EghtesadOnline: At the 15th edition of Manama Dialogue on Saturday, Persian Gulf Arab countries exchanged views about how to address differences with Tehran and deescalate regional tensions.
Bahraini Foreign Minister Khalid bin Ahmed Al Khalifa said that Manama is open to work with Iranian leaders and does not advocate a regime change.
"We look forward to working with the Islamic Republic on better terms," he said, stressing that it is also important for Tehran to work with its neighbors.
Bahrain cut all diplomatic ties with Tehran in 2016, citing the latter's alleged interference in its domestic affairs, according to Financial Tribune.

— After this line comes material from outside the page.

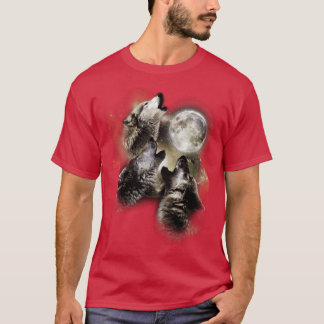 Camiseta Hermanos Lobo Aullando a la Luna Llena retro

Al Khalifa said the way forward is a better deal with Iran in place of its 2015 nuclear accord with the world powers.
Formally called the Joint Comprehensive Plan of Action, the nuclear deal placed curbs on Iran's nuclear activities in return for the lifting of international sanctions.
US President Donald Trump, however, withdrew from it last year, arguing that a more comprehensive deal was needed to cover all areas of western concern, including Iran's missile program and regional activity.
Echoing Trump's view, Al Khalifa said the new deal should "stop Iran from acquiring nuclear weapons and stop its missile programs and halt its regional hegemony".
Tehran says its nuclear program has no military aspects and is only for civilian purposes. It also says its presence in some regional states is at the request of their governments to help address security issues.
UAE Minister of State for Foreign Affairs Anwar Gargash, who also spoke at the event, stressed the need to "resolve the Iranian ballistic missile [issue] through joint regional diplomatic efforts", the Egyptian newspaper Youm7 reported.
He had earlier said in a speech in Abu Dhabi that Iran needs to engage in international talks over a new deal that would deescalate regional tensions and revive its economy.
Saudi Minister of State for Foreign Affairs Adel Jubeir also said during the Manama conference that the kingdom is not against dialogue with Tehran, although the two countries' relations have been strained for a few years.
Riyadh blames Iran for the Sept. 14 drone attacks on its Aramco oil facilities and Jubeir called for deterrence to prevent the repetition of such attacks, the National reported.
Tehran denies being behind the assault that has been claimed by the Yemeni Houthi fighters.
Iran has declared that it is open to dialogue with other countries, but has stressed that its missile program is non-negotiable because it is solely defensive in nature.
French Assault on US Mideast Policy
French Defense Minister Florence Parly took aim at “the gradual US disengagement” in the Middle East and said its failure to respond to “provocations” blamed on Iran set off a dangerous chain of events, AFP reported.
Since May, tensions in the Persian Gulf have increased with attacks against tankers and a US drone being downed besides the strikes on Saudi oil facilities.
Iran took responsibility of the US drone attack, saying it violated Iranian airspace, but denies involvement in any other incident in the region.
Despite the attacks on its Saudi ally and having one of its own drones shot down, the United States has avoided retaliation.
An arch-foe of the US, Iran maintains that the American presence in the region brings all but security, calling for cooperation among Persian Gulf countries to ensure stability without foreign intervention.
The Manama Dialogue is held in Bahrain annually and sees global heads of state and high-ranking ministers discuss defense and political issues related to the Middle East.